Smith, who also co-owns longtime Kentucky Proud member Fishmarket Seafood and Meats in Louisville, moved from a consumer to a producer after meeting beekeeper Richard Hosey of Hosey’s Honey in Midway at the first Kentucky Proud Incredible Food Show in 2009.
“We [Fishmarket] had a booth there, and I saw Richard’s booth,” Smith said. “We started talking, and Richard said, ‘You just need to get some hives and get started.’”
As soon as Smith got home from the food show, he made a business proposition to his neighbor, neurosurgeon George Raque, who raises Saddlebred horses, Angus cattle, and soybeans at Infinity Farms near Shelbyville.

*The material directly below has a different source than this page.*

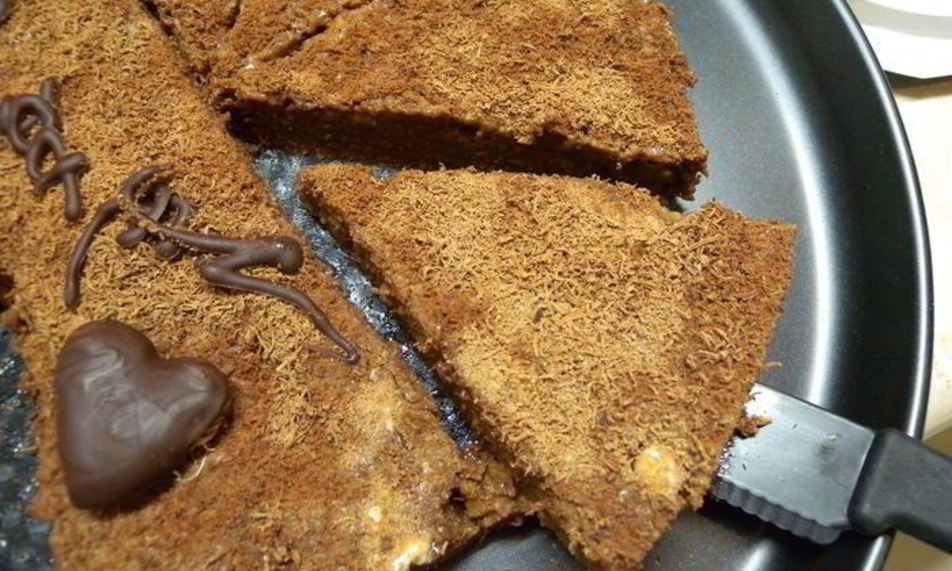 Рецепт десерта шоколадного тянучка-нуга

“I said, ‘George, we need to get into beekeeping,’” Smith said. “Most of us have this image in our minds of a doctor, and the last image you have is a guy in a ball cap with 80,000 bees flying around.”
The two Bee Boys started with five hives. Seven years later, they number more than 100.
“They take care of themselves,” Smith said. “Talk about a low-maintenance business. We just let them do their thing.”
Business ramped up recently when Kroger began selling their local honey, in addition to some smaller independent Louisville retailers such as Paul’s Fruit Markets and Lucky’s Market.
“The first couple of years, we just kinda puttered along,” Smith said. “Kroger was looking for some local honey, so we upped our game a little bit. Honey is the No. 1-selling item on Kentucky Proud shelves.”
Smith said that’s because consumers can taste the difference compared to national brands.
“When I tasted our first batch, I thought, ‘Oh my God, this stuff is really good!’” he said. “It was amazing to me.”
“Everybody that tastes our honey says it’s the best honey they’ve ever tasted, that they didn’t know honey could taste so good,” Smith told the Shelbyville Sentinel-News.
Smith said the Commonwealth is fortunate to have a program like Kentucky Proud to help Kentuckians market their products.
“It’s brought not only the Bee Boys but so many other small producers in this state to the table,” Smith said. “The brand awareness – you can put a label on your product that’s so much more recognizable than your own.
“It’s a super program. We’ve worked with other states, and nobody’s got anything close to what Kentucky’s got.”
Raque told the Sentinel-News that while the business is growing, he’s not ready to give up his day job.
“Let’s put it this way – I’m not going to retire from neurosurgery [from making] money in the honey business,” he joked.
Smith said the Bee Boys are still learning the beekeeping ropes with help from their mentor, Hosey.
“Richard has been a big help,” Smith said. “It’s been a learning process for us.”
Early on, the Bee Boys learned the importance of protective beekeeping garb the hard way.
“We thought, ‘We don’t need these masks,’” Smith said. “When George and I got home one day, I had been hit seven or eight times in the face and looked like the Elephant Man, while George’s eye was swollen shut.
“If you’re uncomfortable, scared, or nervous around them, bees can smell fear. Once you get hit, it gives off a pheromone. It’s like a magnet.”
With time, the stings have lessened, and Smith has discovered that he loves working with bees.
“There’s just an energy the hive gives off,” he said. “In a way, it’s really relaxing.”